How to complete this task
For each line of the data below that holds "Grey", copy the line.

Available records
====================
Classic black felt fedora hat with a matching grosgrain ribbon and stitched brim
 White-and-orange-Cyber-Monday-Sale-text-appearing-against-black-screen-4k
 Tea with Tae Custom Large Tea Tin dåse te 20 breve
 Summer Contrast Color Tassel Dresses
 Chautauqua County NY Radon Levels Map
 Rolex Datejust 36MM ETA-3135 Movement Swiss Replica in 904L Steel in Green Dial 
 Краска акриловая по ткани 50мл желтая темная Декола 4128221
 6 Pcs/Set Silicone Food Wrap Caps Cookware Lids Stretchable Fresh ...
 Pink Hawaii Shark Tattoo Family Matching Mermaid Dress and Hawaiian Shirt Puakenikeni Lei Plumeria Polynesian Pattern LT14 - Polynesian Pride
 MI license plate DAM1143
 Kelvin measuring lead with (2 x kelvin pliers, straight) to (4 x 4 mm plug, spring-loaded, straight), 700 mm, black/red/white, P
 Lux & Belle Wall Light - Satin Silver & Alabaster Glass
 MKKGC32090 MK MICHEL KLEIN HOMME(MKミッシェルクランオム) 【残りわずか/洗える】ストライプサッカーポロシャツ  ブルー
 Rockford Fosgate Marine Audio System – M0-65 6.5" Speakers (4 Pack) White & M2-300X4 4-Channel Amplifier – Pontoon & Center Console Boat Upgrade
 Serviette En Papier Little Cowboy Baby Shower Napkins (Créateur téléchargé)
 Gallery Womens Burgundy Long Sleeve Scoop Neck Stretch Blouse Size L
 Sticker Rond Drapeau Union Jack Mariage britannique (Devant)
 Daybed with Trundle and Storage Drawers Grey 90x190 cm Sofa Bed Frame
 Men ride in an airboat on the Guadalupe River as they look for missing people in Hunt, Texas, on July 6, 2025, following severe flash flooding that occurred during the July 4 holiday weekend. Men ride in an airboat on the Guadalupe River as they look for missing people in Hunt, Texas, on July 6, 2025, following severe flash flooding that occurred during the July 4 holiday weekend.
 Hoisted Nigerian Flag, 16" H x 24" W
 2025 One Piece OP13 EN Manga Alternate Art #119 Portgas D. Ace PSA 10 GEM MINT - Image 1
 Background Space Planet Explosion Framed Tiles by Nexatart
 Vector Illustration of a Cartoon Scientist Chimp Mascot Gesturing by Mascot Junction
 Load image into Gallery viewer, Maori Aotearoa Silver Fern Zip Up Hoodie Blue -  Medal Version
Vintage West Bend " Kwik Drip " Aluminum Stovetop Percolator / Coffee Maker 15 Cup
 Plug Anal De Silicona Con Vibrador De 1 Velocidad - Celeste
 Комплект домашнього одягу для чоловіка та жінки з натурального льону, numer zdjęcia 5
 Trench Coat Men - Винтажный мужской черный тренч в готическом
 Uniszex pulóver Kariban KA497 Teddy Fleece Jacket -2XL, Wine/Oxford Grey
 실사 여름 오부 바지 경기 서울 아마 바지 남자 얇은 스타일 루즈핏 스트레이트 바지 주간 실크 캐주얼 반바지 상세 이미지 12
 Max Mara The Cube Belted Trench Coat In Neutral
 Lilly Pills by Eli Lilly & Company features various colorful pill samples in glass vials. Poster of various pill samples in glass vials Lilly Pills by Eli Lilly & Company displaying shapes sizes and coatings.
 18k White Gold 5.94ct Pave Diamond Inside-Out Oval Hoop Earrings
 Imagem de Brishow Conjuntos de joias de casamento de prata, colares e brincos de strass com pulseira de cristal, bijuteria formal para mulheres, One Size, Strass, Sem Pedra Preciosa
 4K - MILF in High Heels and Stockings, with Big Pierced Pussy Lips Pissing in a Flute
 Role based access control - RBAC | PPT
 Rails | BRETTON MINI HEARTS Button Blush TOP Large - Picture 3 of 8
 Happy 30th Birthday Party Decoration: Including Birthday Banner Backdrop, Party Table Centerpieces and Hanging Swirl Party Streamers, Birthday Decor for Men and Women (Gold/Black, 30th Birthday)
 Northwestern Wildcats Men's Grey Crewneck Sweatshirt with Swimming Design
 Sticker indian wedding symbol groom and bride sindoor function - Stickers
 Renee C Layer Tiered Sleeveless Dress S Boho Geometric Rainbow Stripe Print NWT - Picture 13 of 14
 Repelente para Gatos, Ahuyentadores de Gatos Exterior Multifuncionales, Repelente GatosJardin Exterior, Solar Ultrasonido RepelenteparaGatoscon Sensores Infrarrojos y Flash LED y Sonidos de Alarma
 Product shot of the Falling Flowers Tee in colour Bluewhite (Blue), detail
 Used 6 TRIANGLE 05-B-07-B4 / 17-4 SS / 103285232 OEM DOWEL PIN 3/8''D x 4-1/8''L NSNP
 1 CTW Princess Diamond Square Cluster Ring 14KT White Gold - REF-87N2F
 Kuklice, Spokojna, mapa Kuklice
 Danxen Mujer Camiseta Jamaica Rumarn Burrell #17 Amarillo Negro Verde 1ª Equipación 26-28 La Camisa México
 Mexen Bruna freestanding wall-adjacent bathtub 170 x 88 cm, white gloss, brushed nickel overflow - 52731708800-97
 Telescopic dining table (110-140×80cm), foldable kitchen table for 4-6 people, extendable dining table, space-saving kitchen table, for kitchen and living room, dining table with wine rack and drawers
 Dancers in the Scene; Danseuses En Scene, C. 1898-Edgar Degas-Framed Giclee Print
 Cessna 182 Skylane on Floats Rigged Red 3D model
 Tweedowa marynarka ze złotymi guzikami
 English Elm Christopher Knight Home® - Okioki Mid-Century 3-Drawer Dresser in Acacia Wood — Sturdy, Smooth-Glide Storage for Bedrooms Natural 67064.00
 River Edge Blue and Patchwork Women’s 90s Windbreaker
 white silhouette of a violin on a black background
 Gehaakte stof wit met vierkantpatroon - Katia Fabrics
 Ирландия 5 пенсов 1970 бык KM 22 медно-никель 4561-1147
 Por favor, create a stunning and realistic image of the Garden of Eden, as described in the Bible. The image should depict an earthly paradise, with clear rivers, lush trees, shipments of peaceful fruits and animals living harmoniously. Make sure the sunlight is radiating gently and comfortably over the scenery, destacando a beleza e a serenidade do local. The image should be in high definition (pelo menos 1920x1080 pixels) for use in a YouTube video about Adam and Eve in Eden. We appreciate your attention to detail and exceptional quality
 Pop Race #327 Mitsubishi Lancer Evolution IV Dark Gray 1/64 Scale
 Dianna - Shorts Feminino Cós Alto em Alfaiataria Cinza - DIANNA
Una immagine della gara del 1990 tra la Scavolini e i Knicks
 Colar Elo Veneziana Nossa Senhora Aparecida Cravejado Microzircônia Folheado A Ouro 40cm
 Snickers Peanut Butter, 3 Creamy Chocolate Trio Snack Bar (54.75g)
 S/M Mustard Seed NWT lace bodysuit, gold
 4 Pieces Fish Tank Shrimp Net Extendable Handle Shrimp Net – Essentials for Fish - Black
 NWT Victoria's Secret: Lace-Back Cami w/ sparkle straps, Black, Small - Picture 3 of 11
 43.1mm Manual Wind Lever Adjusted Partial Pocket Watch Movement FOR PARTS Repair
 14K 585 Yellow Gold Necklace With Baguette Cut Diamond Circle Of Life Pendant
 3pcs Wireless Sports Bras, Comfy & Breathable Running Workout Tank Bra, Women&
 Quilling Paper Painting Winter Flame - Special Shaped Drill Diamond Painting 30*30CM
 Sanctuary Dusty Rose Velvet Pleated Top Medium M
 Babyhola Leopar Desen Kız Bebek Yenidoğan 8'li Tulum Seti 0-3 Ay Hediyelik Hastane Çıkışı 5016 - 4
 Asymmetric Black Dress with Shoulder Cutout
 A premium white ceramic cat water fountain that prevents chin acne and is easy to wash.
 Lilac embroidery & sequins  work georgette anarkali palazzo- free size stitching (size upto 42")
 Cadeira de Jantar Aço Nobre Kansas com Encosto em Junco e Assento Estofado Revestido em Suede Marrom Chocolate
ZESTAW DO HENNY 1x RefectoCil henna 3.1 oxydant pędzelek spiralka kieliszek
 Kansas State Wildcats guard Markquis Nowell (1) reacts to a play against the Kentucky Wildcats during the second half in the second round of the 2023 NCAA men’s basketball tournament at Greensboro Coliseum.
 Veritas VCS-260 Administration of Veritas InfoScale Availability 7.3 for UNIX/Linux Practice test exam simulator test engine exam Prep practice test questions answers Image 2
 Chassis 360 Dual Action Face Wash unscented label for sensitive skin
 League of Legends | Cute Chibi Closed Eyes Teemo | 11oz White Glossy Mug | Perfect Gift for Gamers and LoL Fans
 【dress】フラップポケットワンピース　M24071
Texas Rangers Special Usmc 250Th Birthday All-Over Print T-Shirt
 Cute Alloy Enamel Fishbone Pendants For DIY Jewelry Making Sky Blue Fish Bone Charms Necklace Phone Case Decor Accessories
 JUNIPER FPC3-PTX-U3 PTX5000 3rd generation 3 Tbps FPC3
====================
Final answer
 Daybed with Trundle and Storage Drawers Grey 90x190 cm Sofa Bed Frame
 Uniszex pulóver Kariban KA497 Teddy Fleece Jacket -2XL, Wine/Oxford Grey
 Northwestern Wildcats Men's Grey Crewneck Sweatshirt with Swimming Design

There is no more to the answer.